## Data supplied
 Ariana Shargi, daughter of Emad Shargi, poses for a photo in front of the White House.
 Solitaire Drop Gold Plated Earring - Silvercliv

--

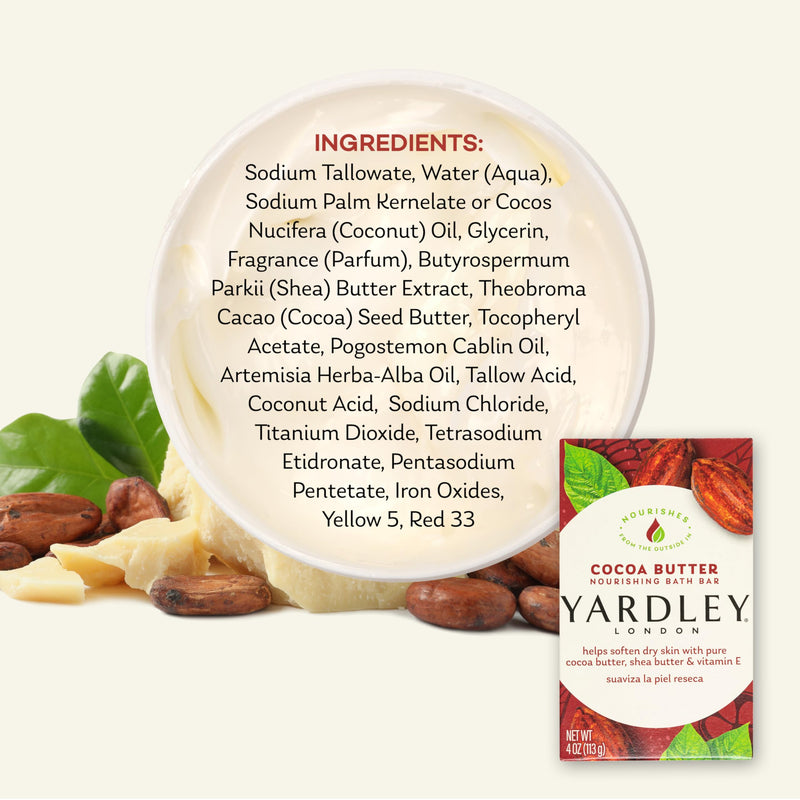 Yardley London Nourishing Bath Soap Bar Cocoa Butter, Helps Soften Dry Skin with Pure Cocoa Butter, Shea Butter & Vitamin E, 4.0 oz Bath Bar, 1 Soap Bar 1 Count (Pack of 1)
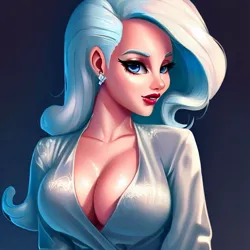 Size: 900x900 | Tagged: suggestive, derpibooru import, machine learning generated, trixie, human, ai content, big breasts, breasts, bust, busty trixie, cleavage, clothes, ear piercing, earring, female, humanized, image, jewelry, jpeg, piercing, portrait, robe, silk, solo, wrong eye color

## What the task requires
Print exactly the lines above, between the one holding "Ariana Shargi, daughter" and the one holding "Solitaire Drop Gold", inclusive, and nothing besides.

## Reply to the task
 Ariana Shargi, daughter of Emad Shargi, poses for a photo in front of the White House.
 Solitaire Drop Gold Plated Earring - Silvercliv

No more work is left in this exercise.